** Aim of the task **
Can you copy out the data exactly? Leave the images out.

** Data supplied **
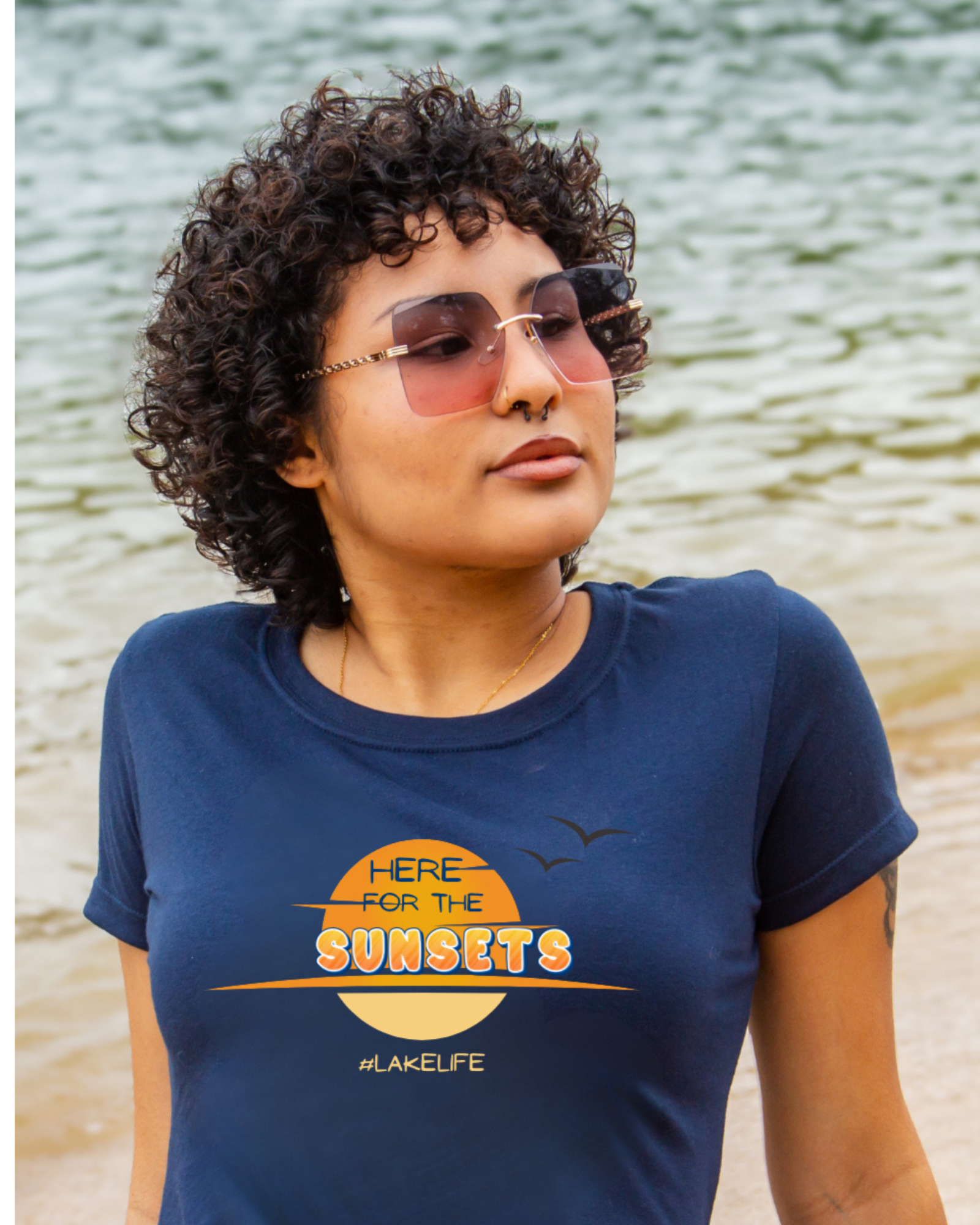 Here For the Sunsets | Lake Life Tee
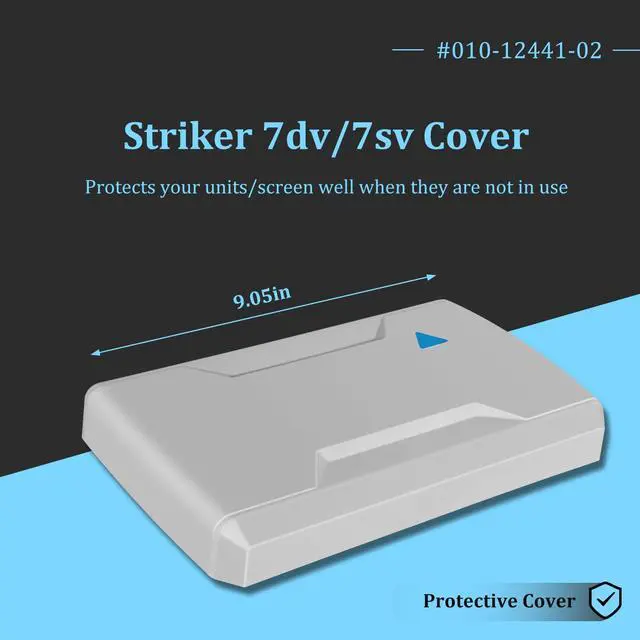 Alt view image 2 of 7 - 010-12441-02 Protective Cover for Garmin Striker 7dv/7sv Fish Finder, Weatherproof Waterproof Screen Protection(7 Series)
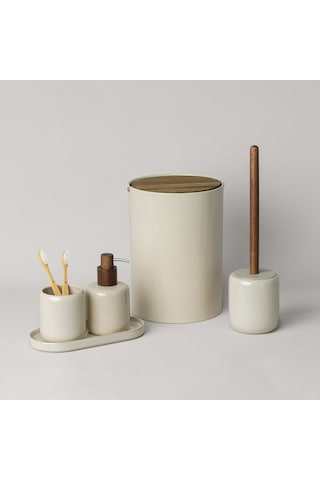 Linens Trina Banyo Tepsisi 25x12x2 Cm Krem Çok Renkli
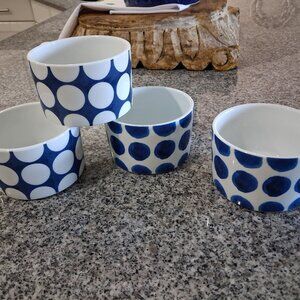 Rosanna Collectibles Azure Dot Bowls Set of 4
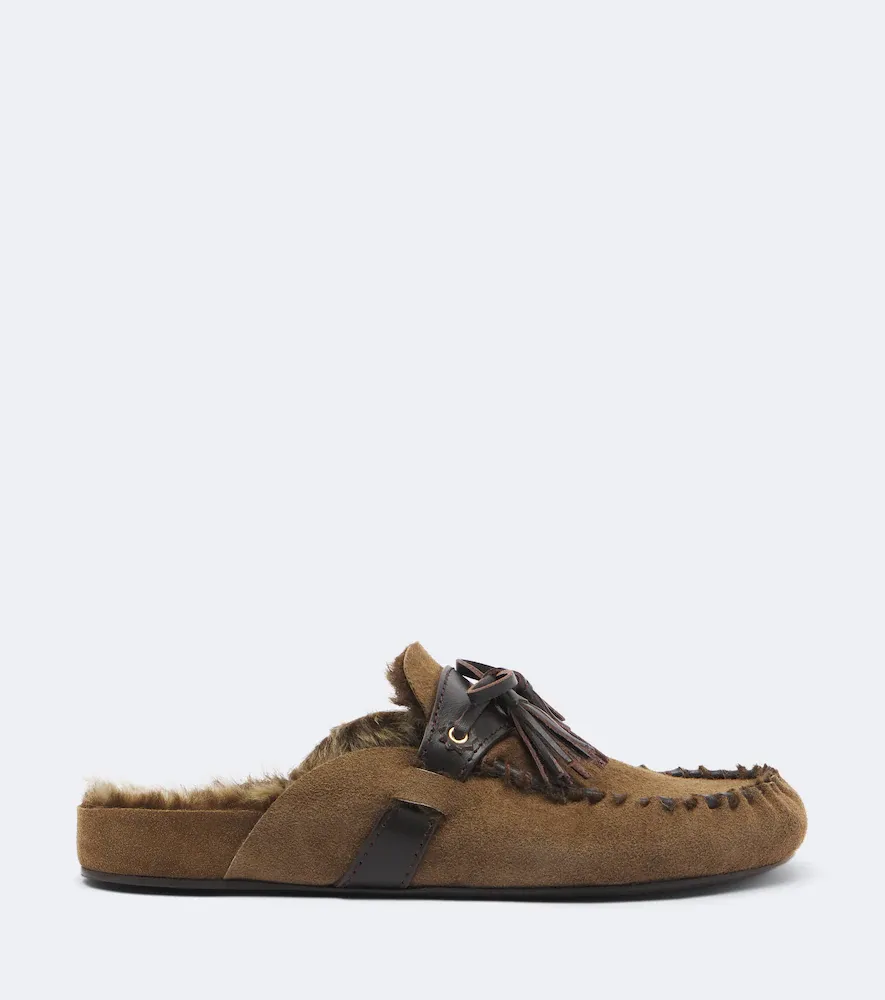 Isabel Marant Malvin shearling-lined suede mules | Thumbnail 3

** Response below **
 Here For the Sunsets | Lake Life Tee
 Alt view image 2 of 7 - 010-12441-02 Protective Cover for Garmin Striker 7dv/7sv Fish Finder, Weatherproof Waterproof Screen Protection(7 Series)
 Linens Trina Banyo Tepsisi 25x12x2 Cm Krem Çok Renkli
 Rosanna Collectibles Azure Dot Bowls Set of 4
 Isabel Marant Malvin shearling-lined suede mules | Thumbnail 3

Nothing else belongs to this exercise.